WHAT THIS TASK INVOLVES |
Your answer must consist only of the lines from the start of the entries through the line that holds "Devrim Altay kimdir?", copied exactly, with no pictures.

EXERCISE INPUT |
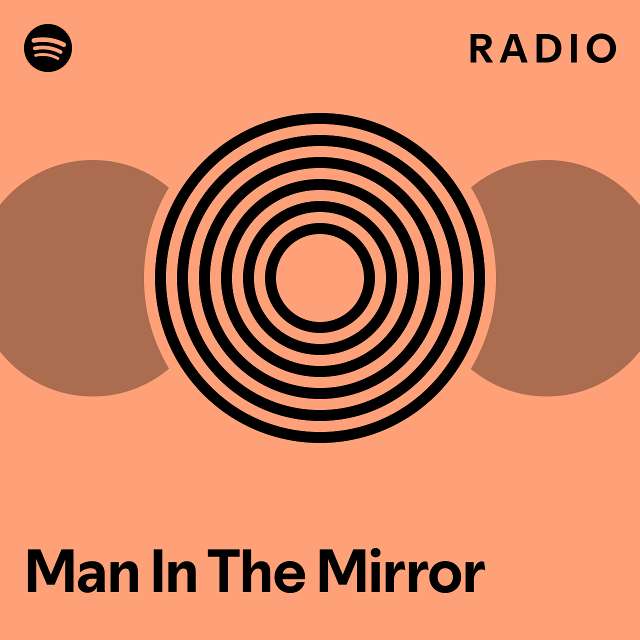Man In The Mirror Radio playlist by Spotify Spotify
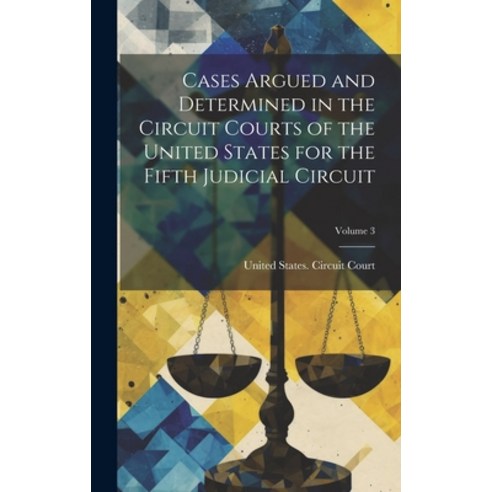 (영문도서) Cases Argued and Determined in the Circuit Courts of the United States for the Fifth Judicial... Hardcover, Legare Street Press, English, 9781021157836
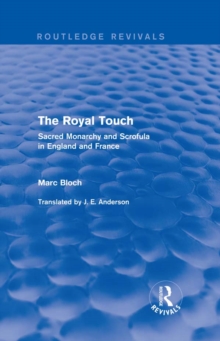 The Royal Touch (Routledge Revivals) : Sacred Monarchy and Scrofula in England and France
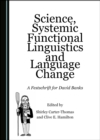 Image for Science, Systemic Functional Linguistics and Language Change: A Festschrift for David Banks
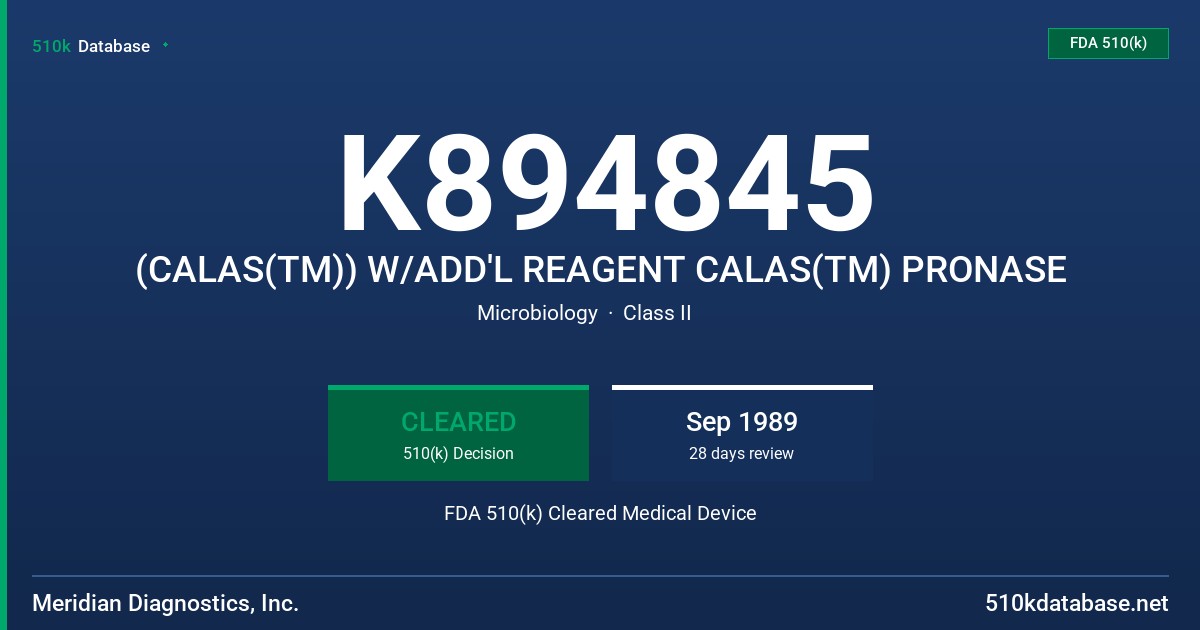 K894845 (CALAS(TM)) W/ADD'L REAGENT CALAS(TM) PRONASE FDA 510(k) Cleared Medical Device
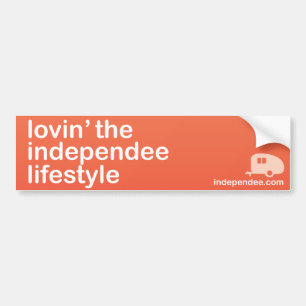 'Lovin' the independee lifestyle Bumper Sticker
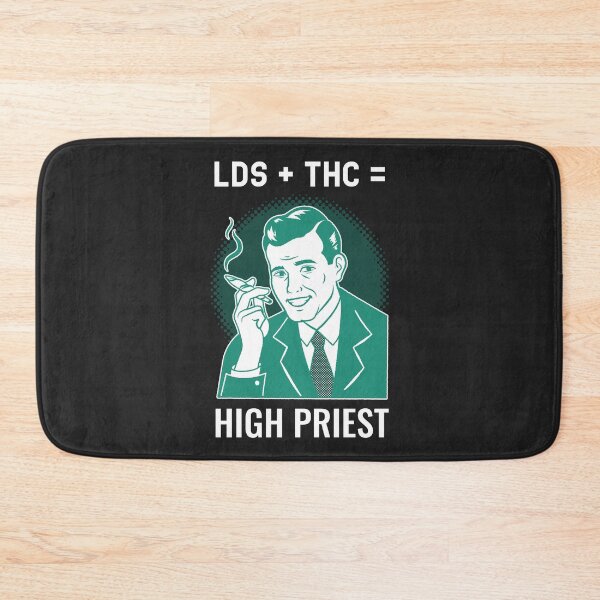 Item preview, LDS + THC = High Priest designed and sold by Exmo Merch.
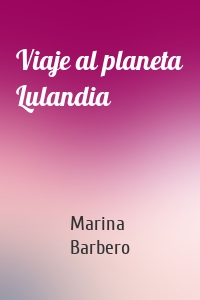 Viaje al planeta Lulandia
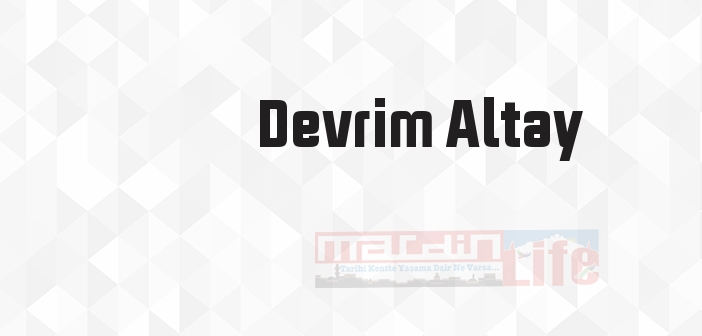 Devrim Altay kimdir? Devrim Altay kitapları ve sözleri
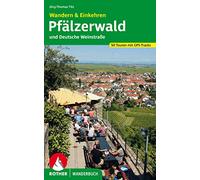 Wandern & Einkehren Pfälzerwald und Deutsche Weinstraße: 50 Touren mit GPS-Tracks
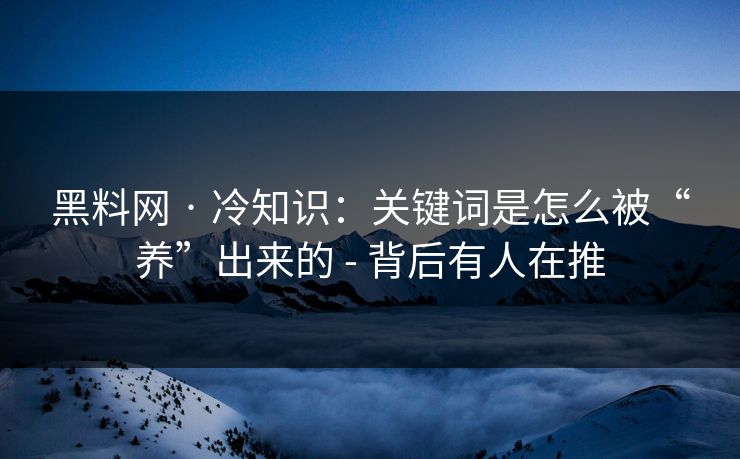 黑料网 · 冷知识:关键词是怎么被“养”出来的 - 背后有人在推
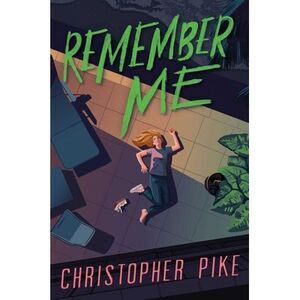 Remember Me -- Christopher Pike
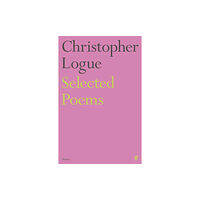 Faber & Faber Selected Poems of Christopher Logue (häftad, eng)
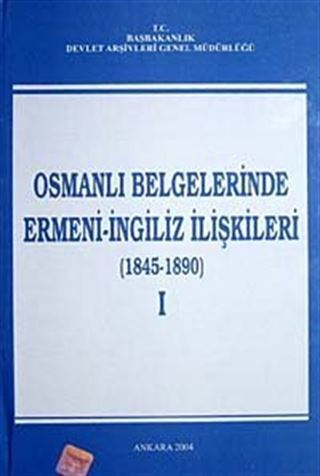 Osmanlı Belgelerinde Ermeni- İngiliz İlişkileri (1845-1890) I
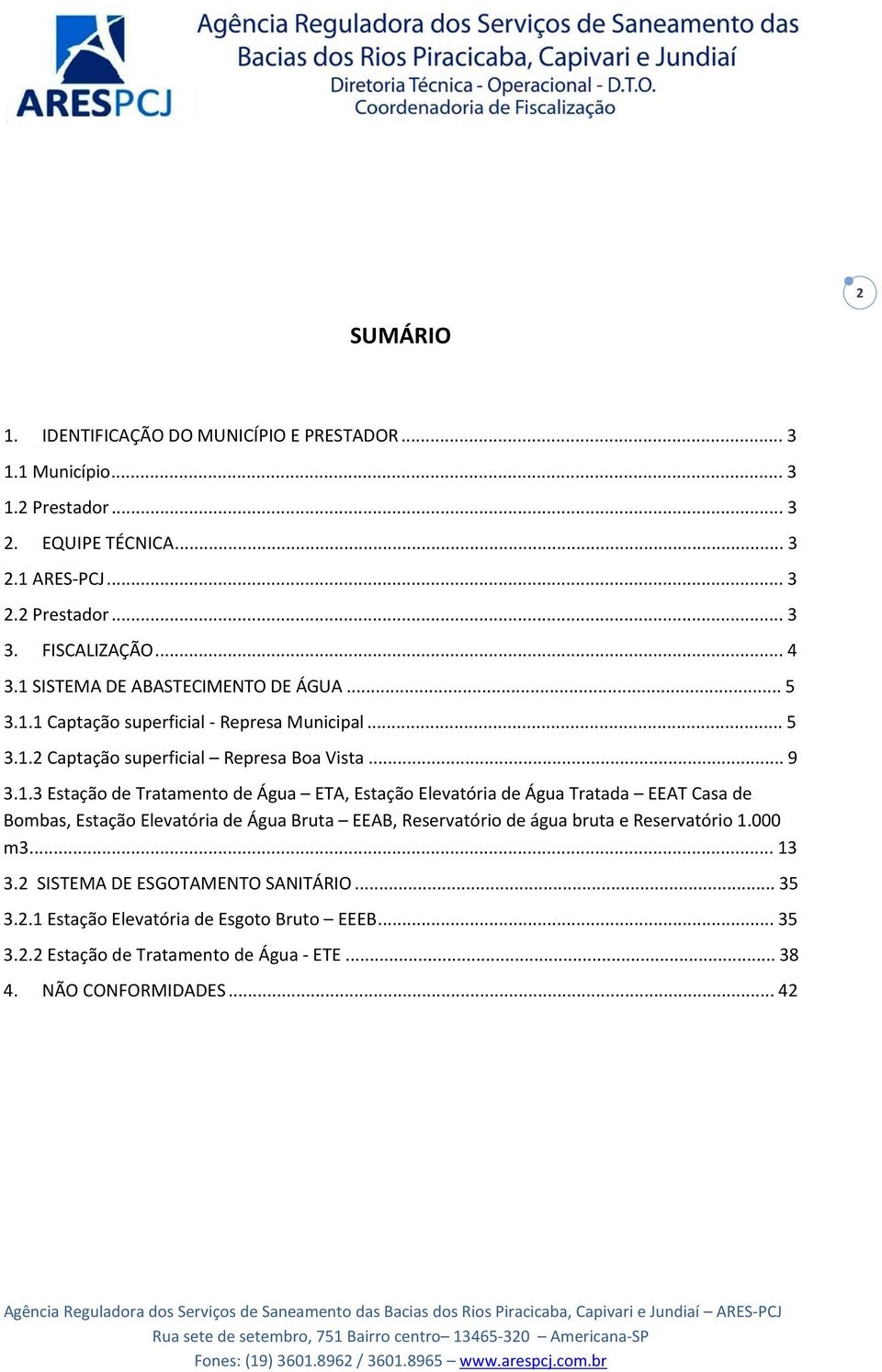 000 m3... 13 3.2 SISTEMA DE ESGOTAMENTO SANITÁRIO... 35 3.2.1 Estação Elevatória de Esgoto Bruto EEEB... 35 3.2.2 Estação de Tratamento de Água - ETE... 38 4. NÃO CONFORMIDADES.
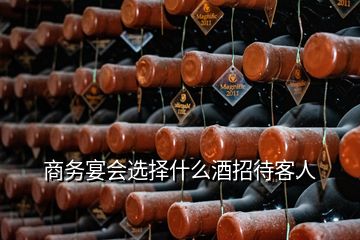 商務宴會選擇什么酒招待客人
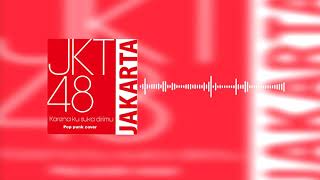 Download lagu JKT48 - Karena Kusuka Dirimu (Kimi No Koto Ga Suki Dakara) Pop Punk Cover by SISASOSE mp3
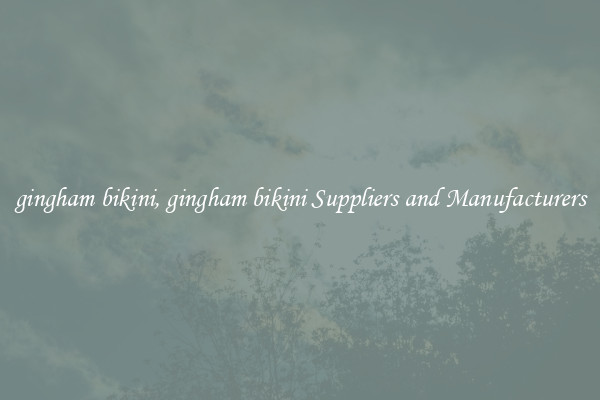 gingham bikini, gingham bikini Suppliers and Manufacturers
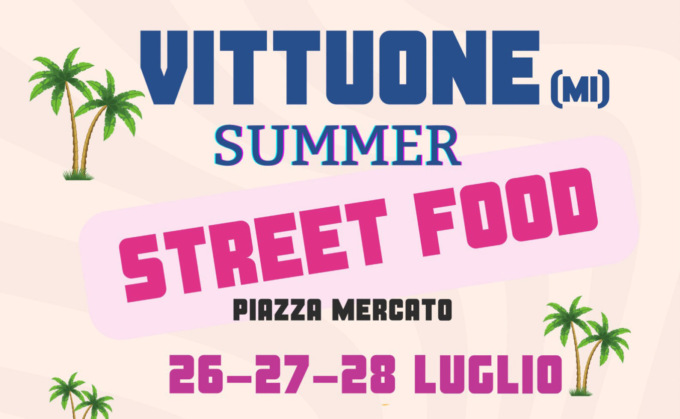 Tre giorni con il “Summer street food” a Vittuone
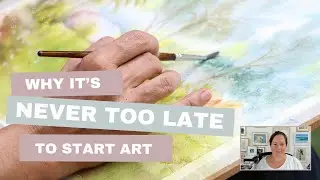 Why it's never too late to start art | KerriDixonArt.com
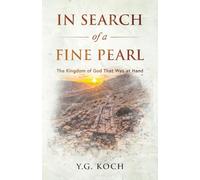 In Search of a Fine Pearl: The Kingdom of God That Was at Hand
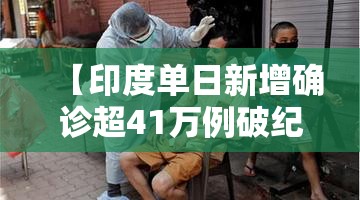 【印度单日新增确诊超41万例破纪录,印度单日新增确诊超30万】 【印度单日新增确诊超41万例破纪录,印度单日新增确诊超30万】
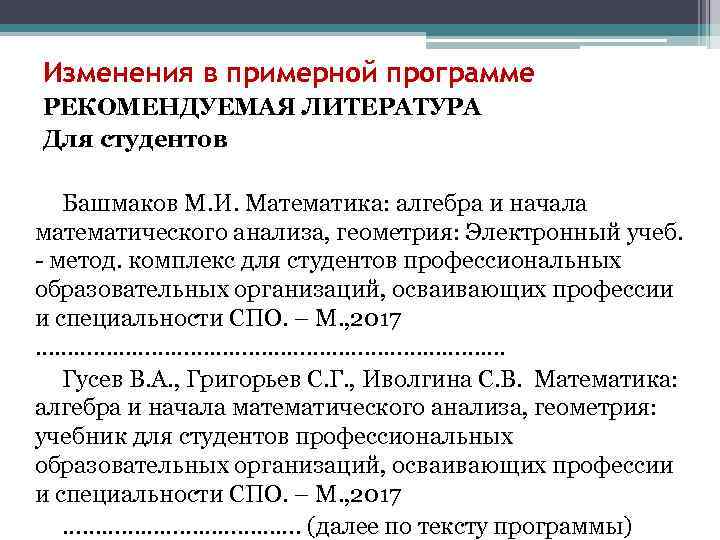 Изменения в примерной программе РЕКОМЕНДУЕМАЯ ЛИТЕРАТУРА Для студентов Башмаков М. И. Математика: алгебра и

WORKED SOLUTION |
Man In The Mirror Radio playlist by Spotify Spotify
 (영문도서) Cases Argued and Determined in the Circuit Courts of the United States for the Fifth Judicial... Hardcover, Legare Street Press, English, 9781021157836
 The Royal Touch (Routledge Revivals) : Sacred Monarchy and Scrofula in England and France
 Image for Science, Systemic Functional Linguistics and Language Change: A Festschrift for David Banks
 K894845 (CALAS(TM)) W/ADD'L REAGENT CALAS(TM) PRONASE FDA 510(k) Cleared Medical Device
 'Lovin' the independee lifestyle Bumper Sticker
 Item preview, LDS + THC = High Priest designed and sold by Exmo Merch.
 Viaje al planeta Lulandia
 Devrim Altay kimdir? Devrim Altay kitapları ve sözleri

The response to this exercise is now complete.